Il y aurait encore une autre réflexion à faire là-dessus. Le Nouveau Testament annonce une Église qui se détournera de la vérité et qui étendra sa domination presque sur tout le monde chrétien. A ce point de vue, Madame, l’argument que M. l’Abbé allègue en faveur de son Église infaillible ne pourrait-il pas tourner contre elle ?

Mais il me suffit de vous avoir montré que vous ne trouvez, ni dans l’une ni dans l’autre des deux preuves que nous venons d’examiner, cet appui solide, ce rocher sur lequel votre foi peut reposer inébranlablement. Figurez-vous à votre lit de mort.

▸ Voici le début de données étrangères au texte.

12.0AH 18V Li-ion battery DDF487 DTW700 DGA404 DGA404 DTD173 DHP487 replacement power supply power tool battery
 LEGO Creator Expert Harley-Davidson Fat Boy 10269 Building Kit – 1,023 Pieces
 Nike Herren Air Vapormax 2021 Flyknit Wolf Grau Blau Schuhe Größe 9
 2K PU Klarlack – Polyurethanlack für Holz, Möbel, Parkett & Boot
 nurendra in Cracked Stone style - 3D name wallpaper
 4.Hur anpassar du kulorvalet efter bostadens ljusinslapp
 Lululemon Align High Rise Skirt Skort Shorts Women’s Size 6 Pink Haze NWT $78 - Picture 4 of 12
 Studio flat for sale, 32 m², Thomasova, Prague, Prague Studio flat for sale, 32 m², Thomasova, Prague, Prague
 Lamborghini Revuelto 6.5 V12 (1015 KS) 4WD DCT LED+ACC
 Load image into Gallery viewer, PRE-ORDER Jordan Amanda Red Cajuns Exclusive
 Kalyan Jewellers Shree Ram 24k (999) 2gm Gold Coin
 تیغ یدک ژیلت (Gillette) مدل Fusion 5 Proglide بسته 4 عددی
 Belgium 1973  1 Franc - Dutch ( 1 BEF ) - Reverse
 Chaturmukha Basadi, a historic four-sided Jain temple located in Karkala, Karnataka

Est-ce une déduction logique ; est-ce un témoignage d’homme qui pourra donner la paix à votre âme en présence du jugement de Dieu ? Pourrez-vous dire : Je suis assurée que mes péchés me sont pardonnés ; car je le sais par le raisonnement, ou je le sais par la tradition ? Ah ! Madame, que vous seriez plus tranquille, si vous aviez, au lieu de tout cela, une promesse de Dieu, un mot de la Bible ! Sachons donc enfin ce que dit l’Écriture sur la question qui nous occupe ; l’Écriture que nous nous accordons tous à regarder comme la Parole de Dieu. Écoutons-la sans prévention. S’il est vrai, comme le dit M. l’Abbé, qu’elle nous renvoie à un tribunal infaillible nous le recevrons ; sinon, non. Car il est écrit : « Croyez à l’Éternel, et vous serez en sûreté ; croyez à ses prophètes, et vous prospérerez. »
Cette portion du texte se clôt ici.